What the task requires
Can you output the records below exactly as they are written?

━━━ Source records

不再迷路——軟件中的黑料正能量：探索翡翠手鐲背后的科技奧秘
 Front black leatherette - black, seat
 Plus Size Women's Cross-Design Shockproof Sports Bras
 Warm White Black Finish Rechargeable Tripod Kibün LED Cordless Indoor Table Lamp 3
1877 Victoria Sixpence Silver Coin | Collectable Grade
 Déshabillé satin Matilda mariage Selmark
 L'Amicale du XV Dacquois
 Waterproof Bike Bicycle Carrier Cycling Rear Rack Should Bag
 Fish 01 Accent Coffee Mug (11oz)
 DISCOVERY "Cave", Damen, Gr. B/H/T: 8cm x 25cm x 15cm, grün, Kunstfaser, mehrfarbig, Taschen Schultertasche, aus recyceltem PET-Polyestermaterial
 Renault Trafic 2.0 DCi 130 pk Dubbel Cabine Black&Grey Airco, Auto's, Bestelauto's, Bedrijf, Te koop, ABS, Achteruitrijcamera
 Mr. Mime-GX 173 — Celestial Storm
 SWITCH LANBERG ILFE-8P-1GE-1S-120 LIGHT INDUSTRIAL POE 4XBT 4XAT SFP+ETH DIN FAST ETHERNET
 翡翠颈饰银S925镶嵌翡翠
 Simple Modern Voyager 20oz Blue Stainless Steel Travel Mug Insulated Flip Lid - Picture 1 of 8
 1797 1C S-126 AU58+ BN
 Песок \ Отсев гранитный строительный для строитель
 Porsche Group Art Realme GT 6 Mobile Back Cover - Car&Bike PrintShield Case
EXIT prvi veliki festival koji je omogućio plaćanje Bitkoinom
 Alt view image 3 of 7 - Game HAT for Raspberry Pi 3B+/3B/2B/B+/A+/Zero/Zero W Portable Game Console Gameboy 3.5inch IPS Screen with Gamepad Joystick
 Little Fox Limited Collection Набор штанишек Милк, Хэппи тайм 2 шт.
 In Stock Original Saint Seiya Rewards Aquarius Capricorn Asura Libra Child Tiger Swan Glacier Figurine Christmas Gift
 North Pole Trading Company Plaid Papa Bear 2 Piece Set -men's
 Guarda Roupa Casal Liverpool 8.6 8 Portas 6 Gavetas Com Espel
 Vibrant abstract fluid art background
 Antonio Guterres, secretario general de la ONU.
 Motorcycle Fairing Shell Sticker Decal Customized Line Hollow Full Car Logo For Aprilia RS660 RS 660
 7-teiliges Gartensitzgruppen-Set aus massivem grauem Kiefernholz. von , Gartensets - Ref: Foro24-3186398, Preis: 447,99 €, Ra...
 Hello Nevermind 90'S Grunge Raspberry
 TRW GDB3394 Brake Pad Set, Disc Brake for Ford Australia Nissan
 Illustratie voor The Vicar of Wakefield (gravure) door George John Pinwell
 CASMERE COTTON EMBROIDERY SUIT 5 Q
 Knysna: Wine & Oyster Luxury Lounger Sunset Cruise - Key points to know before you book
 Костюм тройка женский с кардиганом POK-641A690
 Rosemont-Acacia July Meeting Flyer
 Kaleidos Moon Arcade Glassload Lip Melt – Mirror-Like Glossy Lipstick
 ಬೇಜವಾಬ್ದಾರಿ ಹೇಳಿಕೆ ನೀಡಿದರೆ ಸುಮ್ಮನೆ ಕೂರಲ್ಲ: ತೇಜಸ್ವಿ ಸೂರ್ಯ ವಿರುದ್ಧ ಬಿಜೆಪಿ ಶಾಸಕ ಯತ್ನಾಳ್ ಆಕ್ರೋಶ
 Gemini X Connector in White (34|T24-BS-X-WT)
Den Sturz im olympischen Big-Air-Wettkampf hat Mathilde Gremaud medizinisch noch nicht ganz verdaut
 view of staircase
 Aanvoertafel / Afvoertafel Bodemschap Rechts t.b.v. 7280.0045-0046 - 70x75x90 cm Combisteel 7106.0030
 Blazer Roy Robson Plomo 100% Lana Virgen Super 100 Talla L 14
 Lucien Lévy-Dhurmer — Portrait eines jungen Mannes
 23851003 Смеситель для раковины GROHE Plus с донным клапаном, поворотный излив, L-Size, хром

━━━━━━

Result
不再迷路——軟件中的黑料正能量：探索翡翠手鐲背后的科技奧秘
 Front black leatherette - black, seat
 Plus Size Women's Cross-Design Shockproof Sports Bras
 Warm White Black Finish Rechargeable Tripod Kibün LED Cordless Indoor Table Lamp 3
1877 Victoria Sixpence Silver Coin | Collectable Grade
 Déshabillé satin Matilda mariage Selmark
 L'Amicale du XV Dacquois
 Waterproof Bike Bicycle Carrier Cycling Rear Rack Should Bag
 Fish 01 Accent Coffee Mug (11oz)
 DISCOVERY "Cave", Damen, Gr. B/H/T: 8cm x 25cm x 15cm, grün, Kunstfaser, mehrfarbig, Taschen Schultertasche, aus recyceltem PET-Polyestermaterial
 Renault Trafic 2.0 DCi 130 pk Dubbel Cabine Black&Grey Airco, Auto's, Bestelauto's, Bedrijf, Te koop, ABS, Achteruitrijcamera
 Mr. Mime-GX 173 — Celestial Storm
 SWITCH LANBERG ILFE-8P-1GE-1S-120 LIGHT INDUSTRIAL POE 4XBT 4XAT SFP+ETH DIN FAST ETHERNET
 翡翠颈饰银S925镶嵌翡翠
 Simple Modern Voyager 20oz Blue Stainless Steel Travel Mug Insulated Flip Lid - Picture 1 of 8
 1797 1C S-126 AU58+ BN
 Песок \ Отсев гранитный строительный для строитель
 Porsche Group Art Realme GT 6 Mobile Back Cover - Car&Bike PrintShield Case
EXIT prvi veliki festival koji je omogućio plaćanje Bitkoinom
 Alt view image 3 of 7 - Game HAT for Raspberry Pi 3B+/3B/2B/B+/A+/Zero/Zero W Portable Game Console Gameboy 3.5inch IPS Screen with Gamepad Joystick
 Little Fox Limited Collection Набор штанишек Милк, Хэппи тайм 2 шт.
 In Stock Original Saint Seiya Rewards Aquarius Capricorn Asura Libra Child Tiger Swan Glacier Figurine Christmas Gift
 North Pole Trading Company Plaid Papa Bear 2 Piece Set -men's
 Guarda Roupa Casal Liverpool 8.6 8 Portas 6 Gavetas Com Espel
 Vibrant abstract fluid art background
 Antonio Guterres, secretario general de la ONU.
 Motorcycle Fairing Shell Sticker Decal Customized Line Hollow Full Car Logo For Aprilia RS660 RS 660
 7-teiliges Gartensitzgruppen-Set aus massivem grauem Kiefernholz. von , Gartensets - Ref: Foro24-3186398, Preis: 447,99 €, Ra...
 Hello Nevermind 90'S Grunge Raspberry
 TRW GDB3394 Brake Pad Set, Disc Brake for Ford Australia Nissan
 Illustratie voor The Vicar of Wakefield (gravure) door George John Pinwell
 CASMERE COTTON EMBROIDERY SUIT 5 Q
 Knysna: Wine & Oyster Luxury Lounger Sunset Cruise - Key points to know before you book
 Костюм тройка женский с кардиганом POK-641A690
 Rosemont-Acacia July Meeting Flyer
 Kaleidos Moon Arcade Glassload Lip Melt – Mirror-Like Glossy Lipstick
 ಬೇಜವಾಬ್ದಾರಿ ಹೇಳಿಕೆ ನೀಡಿದರೆ ಸುಮ್ಮನೆ ಕೂರಲ್ಲ: ತೇಜಸ್ವಿ ಸೂರ್ಯ ವಿರುದ್ಧ ಬಿಜೆಪಿ ಶಾಸಕ ಯತ್ನಾಳ್ ಆಕ್ರೋಶ
 Gemini X Connector in White (34|T24-BS-X-WT)
Den Sturz im olympischen Big-Air-Wettkampf hat Mathilde Gremaud medizinisch noch nicht ganz verdaut
 view of staircase
 Aanvoertafel / Afvoertafel Bodemschap Rechts t.b.v. 7280.0045-0046 - 70x75x90 cm Combisteel 7106.0030
 Blazer Roy Robson Plomo 100% Lana Virgen Super 100 Talla L 14
 Lucien Lévy-Dhurmer — Portrait eines jungen Mannes
 23851003 Смеситель для раковины GROHE Plus с донным клапаном, поворотный излив, L-Size, хром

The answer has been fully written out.